Master The Fundamentals Of LED Illumination

April 20, 2011
Describes the physics of LEDs, connecting multiple LEDs to a common driver, driver circuits, dynamic backlghting for displays, triac-dimmable drivers, and more.

Fig 1. Stokes shift is a phenomenon common to photoluminescent materials in which the activated material emits photons at a different wavelength than the photons it absorbed. It is useful in high-brightness “white” LEDs because it allows manufacturers to use multiple “yellow” phosphors, all responding to blue or ultraviolet photons from the actual LED diode, with each phosphor emitting light of a different wavelength. The broader spectrum enhances the color rendering index of the HB LED.

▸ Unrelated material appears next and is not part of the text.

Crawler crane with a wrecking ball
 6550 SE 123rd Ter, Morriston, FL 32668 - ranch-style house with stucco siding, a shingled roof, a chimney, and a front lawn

Fig 2. Dynamic backlighting adjusts the brightness of individual LEDs in the backlight array of a TV screen to match the luminance values of the image being displayed, increasing the perceived contrast ratio of the display.

Fig 3. National Semiconductor’s LM3445 was the first driver for general-illumination LED products that permitted dimming using legacy triac dimmers.

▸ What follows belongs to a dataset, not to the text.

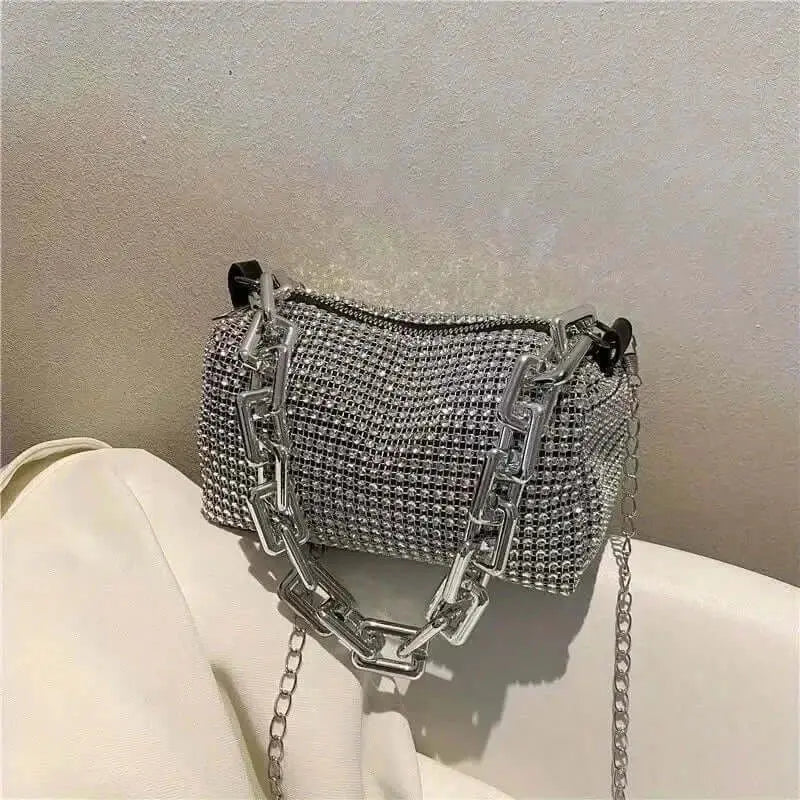 Allover rhinestone bucket bag with glitter chain, stylish mini crossbody purse for women.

Fig 4. Linear Technology’s LT3799 (a), announced in February, uses the relationship between the triac voltage (top) and bursts of drive current (bottom) (b) to its advantage.

Imagine getting a light bulb as a present. LED replacements for screw-in bulbs are so rare and expensive, I actually did get one last Christmas. Yet we’re approaching a crossover point where LEDs will become common enough and cheap enough that they will take over a great deal of the burden of lighting the world.

Not that we simply will be screwing new bulb-shaped objects with LEDs in them into old fixtures. It is no longer necessary to treat light sources as disposable. Pretty soon, lamps (including the part that lights up) will outlive their owners. Also, since LEDs turn on and off instantly and power-cycling doesn’t involve a method that shortens their life, we can turn LED lighting on only when we need it.

That could be a potential advantage for astronomers who use optical telescopes and a potential source of huge energy savings for cities and building owners. It even turns out that police and private security operators like nighttime lighting that only turns on in response to motion sensors because it helps tell them where the bad guys are. Still, this technology is truly in its infancy, and it takes some getting used to.

LED PHYSICS

When any diode is in its conduction state, whenever an electron and a hole recombine, some energy is released in the form of photons. The color of the light (the energy of the photon) depends on the energy band gap of the semiconductor material. Aluminum gallium arsenide (InGaAs) and other materials yield red. Indium gallium nitride (InGaN) produces green. Zinc selenide (ZnSe) leads to blue.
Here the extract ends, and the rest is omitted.